** Supplied information **
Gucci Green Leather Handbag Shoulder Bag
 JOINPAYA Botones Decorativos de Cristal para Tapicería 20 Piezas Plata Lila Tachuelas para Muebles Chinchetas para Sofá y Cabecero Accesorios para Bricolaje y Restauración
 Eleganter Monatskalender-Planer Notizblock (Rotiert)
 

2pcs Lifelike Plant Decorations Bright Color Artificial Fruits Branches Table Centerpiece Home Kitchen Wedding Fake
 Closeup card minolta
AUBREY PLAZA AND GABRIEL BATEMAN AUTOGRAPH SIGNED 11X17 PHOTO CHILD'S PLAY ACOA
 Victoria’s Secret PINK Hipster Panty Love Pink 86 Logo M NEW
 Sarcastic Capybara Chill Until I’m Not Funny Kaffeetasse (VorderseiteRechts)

** What you are asked to do **
Beginning with the first line of the listing above, please write out every line exactly until you reach the line that contains "AUBREY PLAZA AND", and include that one too.

** Output of the task **
Gucci Green Leather Handbag Shoulder Bag
 JOINPAYA Botones Decorativos de Cristal para Tapicería 20 Piezas Plata Lila Tachuelas para Muebles Chinchetas para Sofá y Cabecero Accesorios para Bricolaje y Restauración
 Eleganter Monatskalender-Planer Notizblock (Rotiert)
 

2pcs Lifelike Plant Decorations Bright Color Artificial Fruits Branches Table Centerpiece Home Kitchen Wedding Fake
 Closeup card minolta
AUBREY PLAZA AND GABRIEL BATEMAN AUTOGRAPH SIGNED 11X17 PHOTO CHILD'S PLAY ACOA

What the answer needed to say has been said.